### Exercise requirements
Once the line containing "Guns N' Roses ‎– Welcome To The Jungle" is found in the entries below, reproduce it and every line after it, stopping at and including the line containing "oppo W11 Guide Screen 2"; reproduce nothing else, and keep each line exact.

### Available records
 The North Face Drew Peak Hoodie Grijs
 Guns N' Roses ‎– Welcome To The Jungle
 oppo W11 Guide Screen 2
* * *
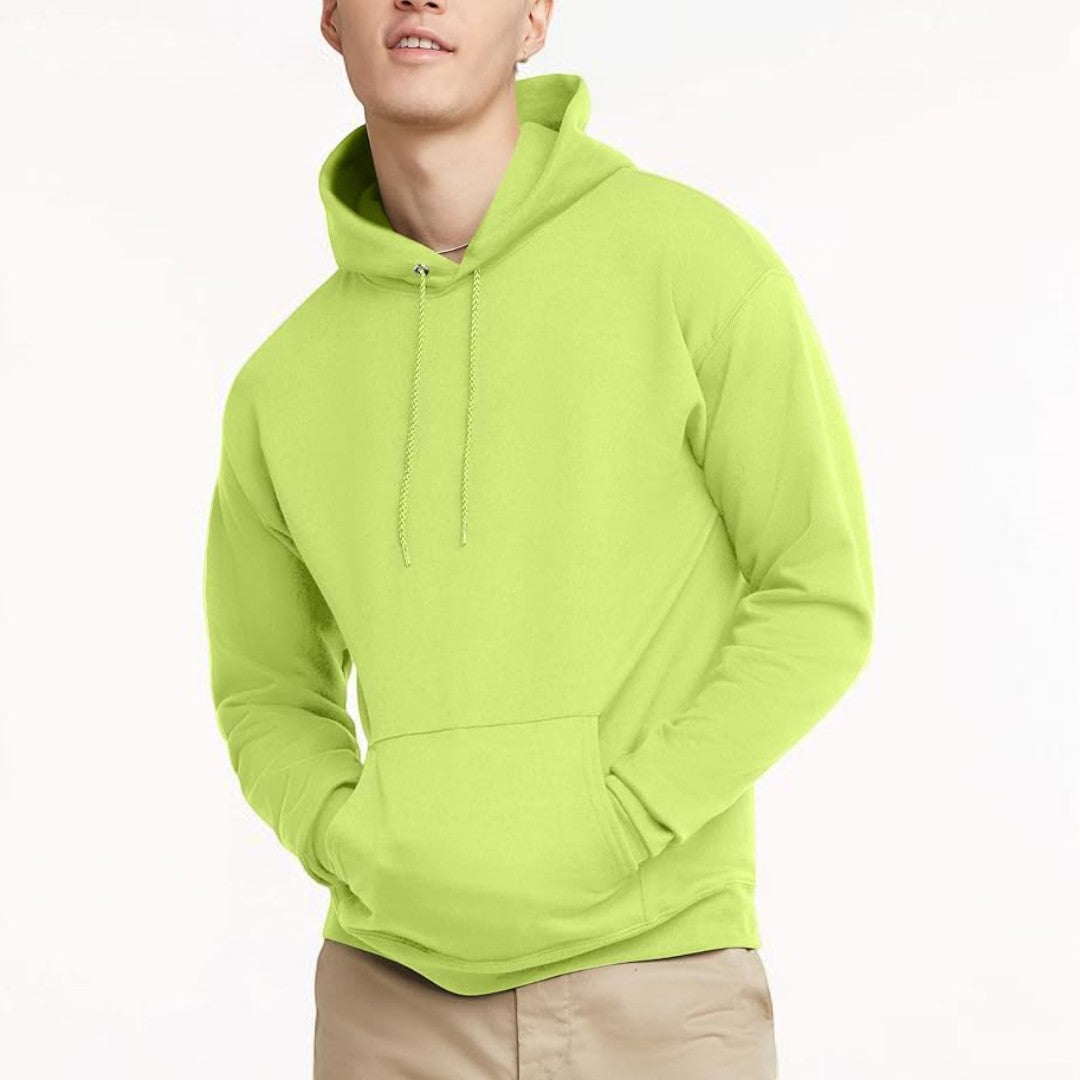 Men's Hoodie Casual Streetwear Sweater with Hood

### Completed task
 Guns N' Roses ‎– Welcome To The Jungle
 oppo W11 Guide Screen 2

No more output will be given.